In a curatorial statement, Ranee points out that the eye is a classic artistic motif, serving as both a symbol of oppression (the all-seeing eye of Big Brother) and an intrusion (she cites Internet voyeurism). Today, as she points out, the “window to the soul” is often directed at mobile devices and screens. The imagery in the show ranges from personal to political, she says.
The show goes up as controversy continues over accusations of sexual assault against Bill Cosby, who is Ranee’s father.

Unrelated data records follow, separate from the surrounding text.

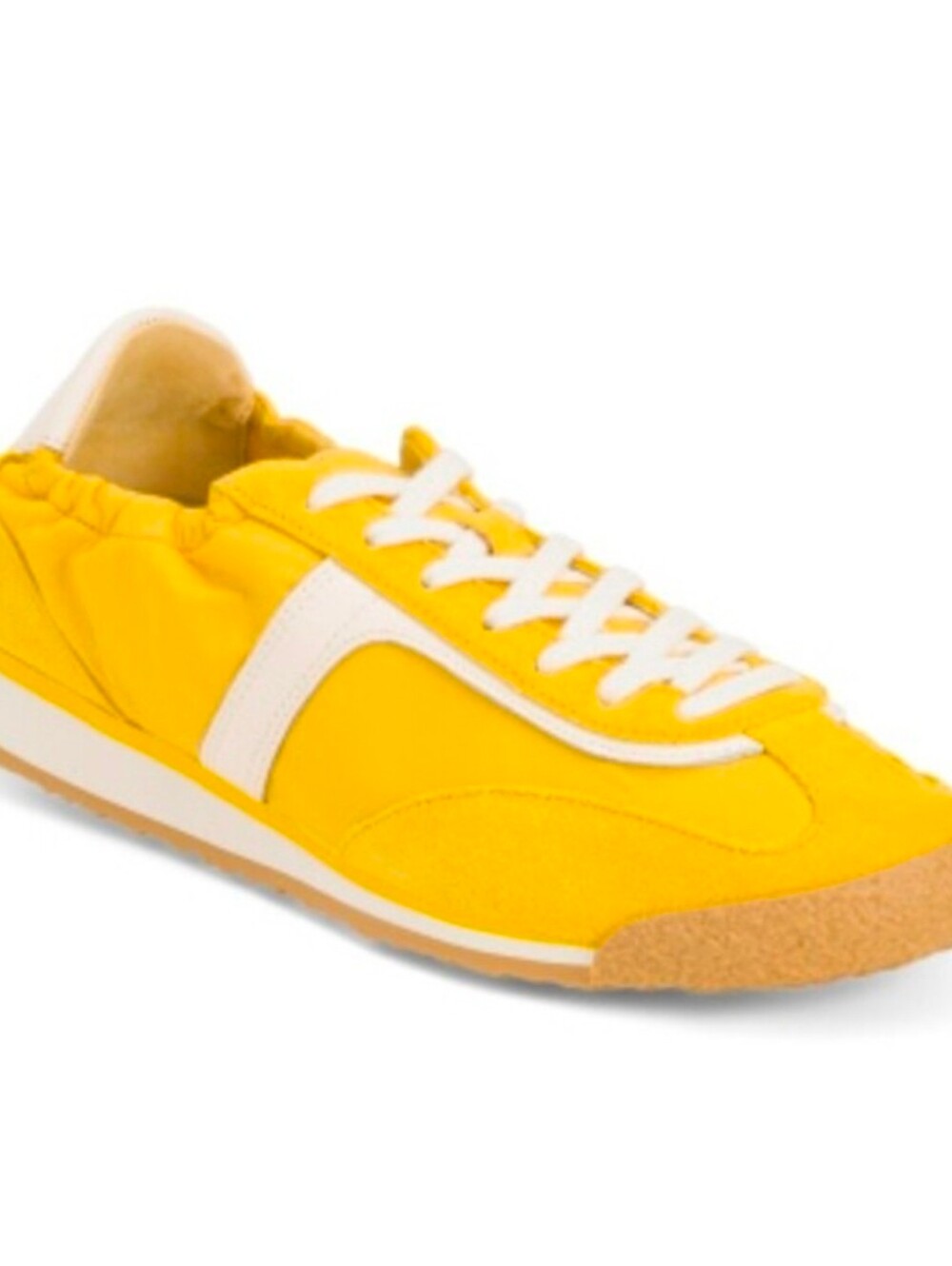 💛▪️Dolce Vita ▪️yellow  Nylon- Suede Women's Sariya Sneakers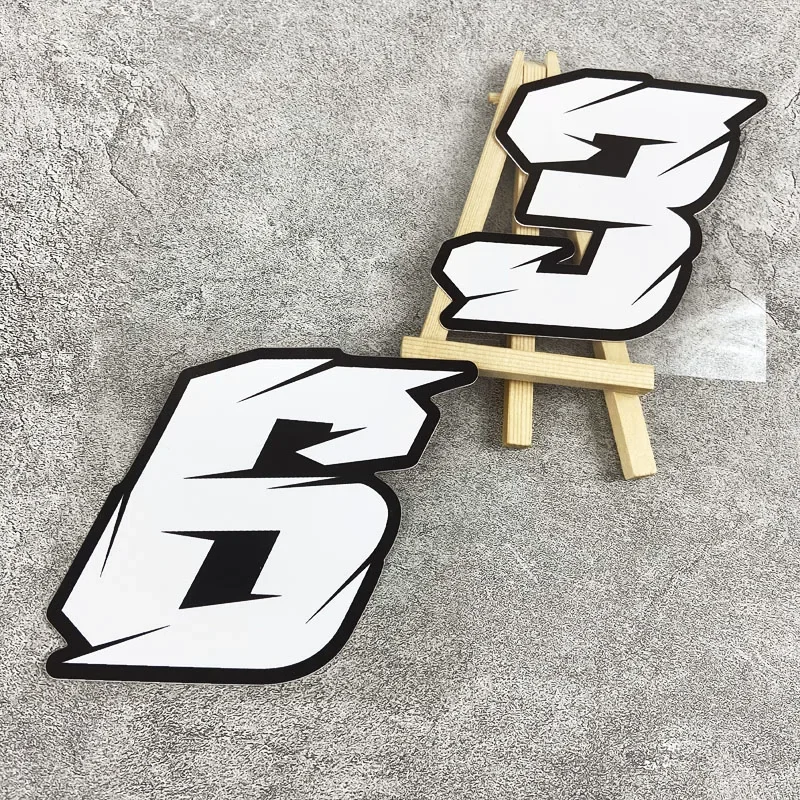 1PC 오토바이 번호 스티커 DIY 오토바이 헬멧 연료 탱크 앞 유리 측면 패널 장식에 대 한 방수 0 ~ 9 비닐 데 칼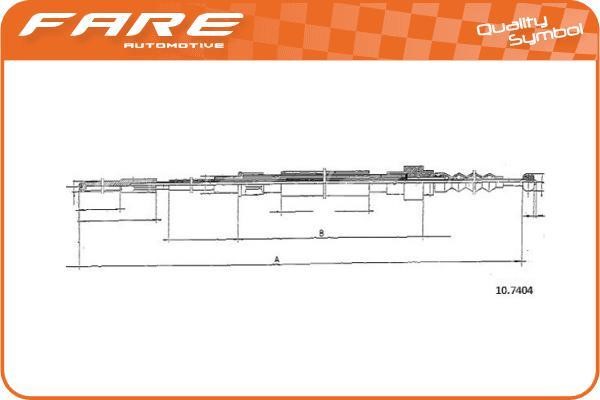 Fare 19253 Cable Pull, parking brake 19253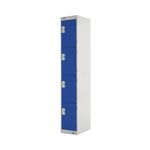 Four Compartment Locker 300 Blue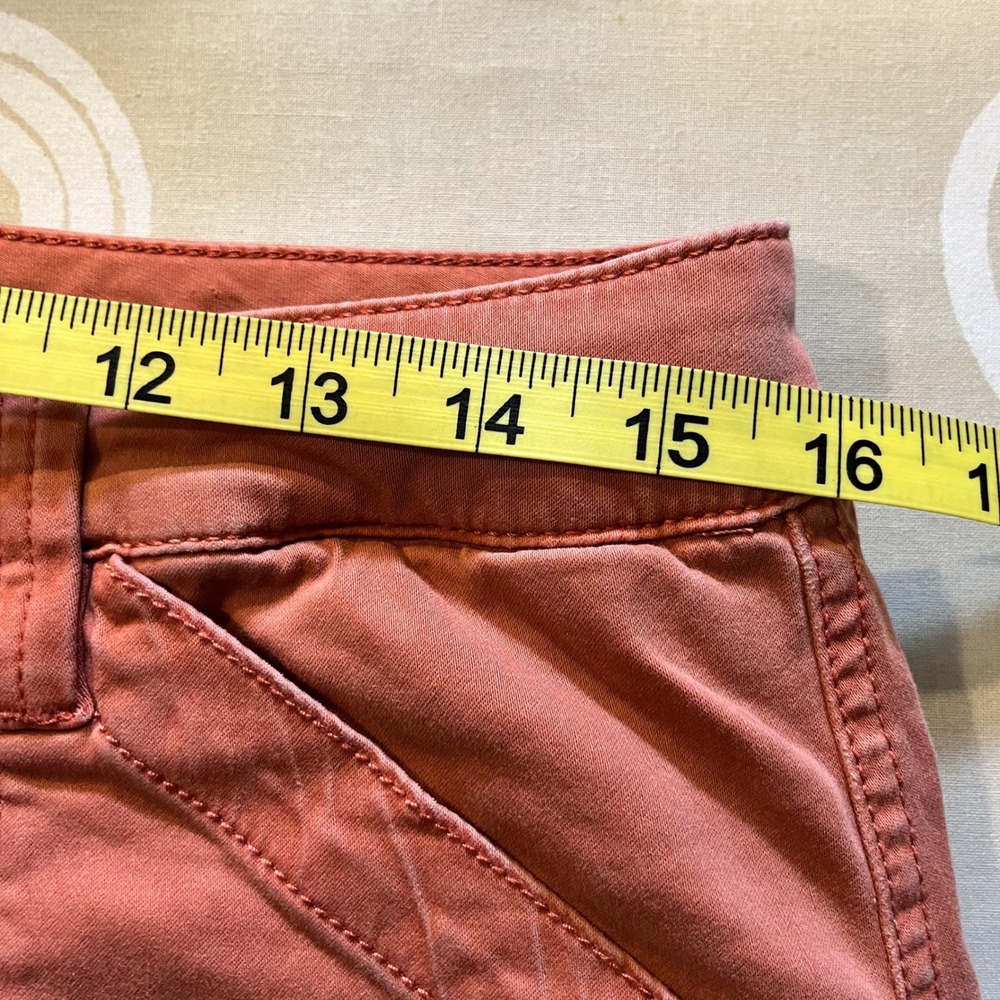 Women's Cargo Pocket Skort in Burnt Orange - Picture 10 of 16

For the daughter of a man who has spent much of his life in the public eye, whether he was being celebrated or condemned, the eye’s metaphorical dimensions must certainly have had particular power.
Ranee creates lively, colorful mixed-media abstractions that occasionally bear funny titles like I Take Zymbalta (sic), from 2014, Mouth Breather, and bow chicka wow wow (both 2013). While keeping a low profile—on her website, she apparently does not use her father’s name—she has made her way into the art world over two decades. Since earning an MFA from the University of California at Berkeley in 1993, she has done residencies at the renowned Skowhegan School of Painting and Sculpture, in Maine, at the Bronx Museum’s Artist in the Marketplace program, and at the Cooper Union, in New York and was an adjunct professor at NYU from 2012-2013. She has shown her work in New York at Allegra LaViola Gallery (now Sargent’s Daughters), at LMAK Projects, and in the Last Brucennial, in 2014.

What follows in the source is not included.